3. Я не литературный критик и честно признаюсь: этот вопрос ставит меня в тупик. Даже учитывая обобщенный характер такого подхода, угадывая в нем призыв взглянуть на литературный процесс со стороны, я не в состоянии рассуждать о литературе как о поле, на котором реализуются те или иные проекты. И дело здесь не в словах, а в принципе. Я могла бы назвать литературные произведения, опубликованные в последнее десятилетие минувшего века, которые показались мне бесспорными. Собственно, их два: «Время ночь» Людмилы Петрушевской и «Генерал и его армия» Георгия Владимова. Подумав, я перечислю и авторов, творчество которых мне, в большей или меньшей степени, близко. Я точно знаю, что к радикальным литературным проектам Владимира Сорокина отношусь с большой неприязнью, однако считаю их социальным, а не литературным явлением. Я не твердо уверена в том, к какому проекту следует отнести произведения Г. Владимова и Л. Петрушевской. «Консерваторами» этих писателей назвать не могу. «Радикалами» – тоже.

4. Вообще говоря, участи современного литературного критика позавидовать трудно. В условиях, когда чисто «эстетические» критерии размыты, приходится опираться на внеэстетические «костыли». Позицию критика в значительной степени определяют его биография, окружение, уровень культурности и т. п. «Традиционалисты», например С. Рассадин, тяготеют к иерархической модели мира и в этом смысле являются невольными сторонниками «идейности», то есть идейного принципа в культуре. «Постмодернисты», например В. Курицын, проповедуют единый «дискурс», в рамках которого «верх» не отличается от «низа», «хорошее» от «плохого», – своего рода плюрализм. Спор между ними бесполезен, поскольку дискуссия возможна там, где обе стороны признают истинным некий (пусть ограниченный и произвольный) набор аксиом. Если же такового нет, возможна лишь яростная перебранка противоборствующих сторон, более или менее заинтересованными свидетелями которой мы и являемся. Подобная картина характерна не только для России. Однако у нас, как всегда, есть и свои особенности.
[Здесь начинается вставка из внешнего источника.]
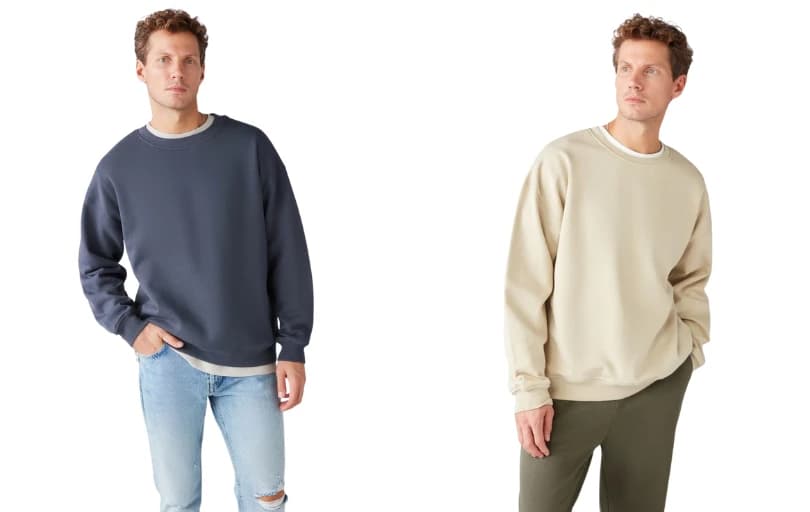Grimelange Sweatshirt 2 Adet AlImda İndirim Koduyla Adet 306₺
Личный опыт убедил меня в том, что критерием разведения российских критиков по разным лагерям не может служить приверженность к той или иной художественной школе, которую каждый из них декларирует. Декларации такого рода вызывают у меня скорее настороженность, поскольку выдают идеологизированность или, если угодно, ангажированность. Проще говоря, деление критиков на «традиционалистов» и «постмодернистов» кажется мне, применительно к российской словесности, несущественным. Это деление скорее маскирует сущность явления, нежели его проясняет.

Собственно, большинство современных критиков, декларирующих свою приверженность «традиционализму» или «постмодернизму», видятся мне игроками одного – идеологического – поля, далекого от литературы. На этом поле они встречаются и соперничают, хвалят авторов своего «рода-племени» и ругают чужаков. В российской ситуации их взаимодействие представляется естественным. Для себя я называю их газетными.